Читать «Зинин» онлайн - страница 88

Лев Иванович Гумилевский

В разгар небывалого умственного движения и общественного оживления явился Сеченов в Петербург.

«Припоминая мелочи того времени, — говорит он, — не могу не вспомнить слов, оказанных однажды нашим знаменитым химиком Николаем Николаевичем Зининым в ответ на наши, мои и Боткина, сетования на некоторые стороны русской жизни: «Эх, молодежь, молодежь, — сказал он, словно всерьез, но, конечно, соглашаясь с нами, — знаете ли вы, что Россия единственная страна, где все можно сделать?»

В этом ироническом ответе нетрудно было прочесть целую программу борьбы, вынесенную из долгого житейского опыта человеком неустанной энергии и непреклонной веры в творческие силы народа.

Своеобразное изречение Николая Николаевича приходило не один раз Сеченову на память, пока триумвират устраивал его ординарным профессором по физиологии в академию.
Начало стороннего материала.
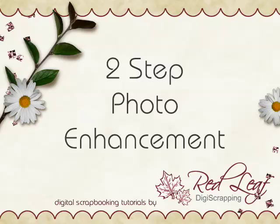Hi, I'm Nancy with Redleaf DigiScrapping. Thanks for joining me. In this tutorial, I'll show you a quick two-step method for improving just about any photograph. The tutorial is being done in Photoshop Element 6, but similar steps can be followed in any version of Photoshop or Photoshop Elements to get the same results.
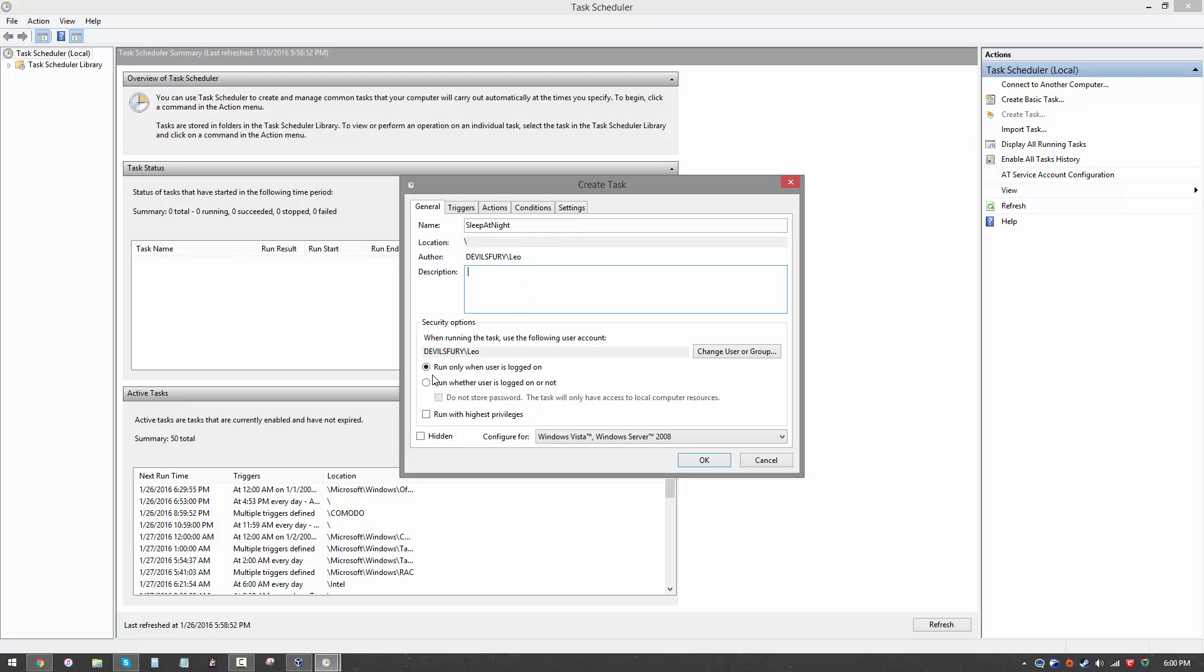Here you have a couple of options: run only when the user is logged on. This means if you're signed out but your computer's turned on, this task is not going to run. We're going to select run whether user is logged on or not because we don't care. You can run it with highest privileges but that's not required for this action.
Диссертацию он никуда не представлял. Рукопись у него взял Глебов в своем вице-президентском кабинете. Без просьбы автора ее напечатал «Военно-медицинский журнал». Защита диссертации происходила в конференц-зале при небольшом числе студентов и членов конференции. Оппонентом выступал Евгений Венцеславович Пеликан, профессор судебной медицины и только что по желанию отца назначенный директором медицинского департамента Министерства внутренних дел. Он произвел на докторанта впечатление умного и образованного человека.
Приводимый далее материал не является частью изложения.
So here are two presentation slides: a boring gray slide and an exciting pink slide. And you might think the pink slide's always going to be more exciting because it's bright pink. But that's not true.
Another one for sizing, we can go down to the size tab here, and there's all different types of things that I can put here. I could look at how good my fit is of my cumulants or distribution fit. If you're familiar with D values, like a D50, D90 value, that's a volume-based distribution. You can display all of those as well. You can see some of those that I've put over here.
Защиту признали удовлетворительной, Сеченову присудили ученую степень доктора, и началось дело об определении его в академию в связи с выходом в отставку профессора А. П. Загорского.

«По тогдашнему уставу академии, — рассказывает Сеченов, — аспирант на кафедру физиологии должен был держать экзамен из этой науки и зоологии со сравнительной анатомией. Когда Зинин объявил мне об этом, держать экзамен в физиологии я согласился, а от зоологии отказался, как не занимавшийся ею. Но он меня успокоил, что это пустяки, чистая формальность. На этом экзамене сидели только два экзаменатора: Загорский, старик академик Брандт, читавший в академии зоологию, Зинин и я. Загорский поговорил со мной минуты две, а Брандт спросил, известно ли мне главное сочинение по инфузориям. Я ответил, что имя Эренберга мне, конечно, известно, но сочинения его не читал, так как не занимался зоологией. На второй вопрос я не мог ответить и не выдержал, заявив, что вовсе не занимался зоологией, предупредил об этом начальство и экзаменоваться не могу. Зинин пошептался со стариком, и сеанс кончился. Вскоре меня приняли адъюнктом по кафедре физиологии и заставили читать лекции до конца академического года…»

«Приняли меня потому, — поясняет Сеченов, — что таких ассистентов в России еще не было, и я со своими ограниченными сведениями был все-таки первым из русских, вкусивших западной науки у таких корифеев ее, как мои учителя в Германии. В последнем отношении мне завидовали позднее даже немцы».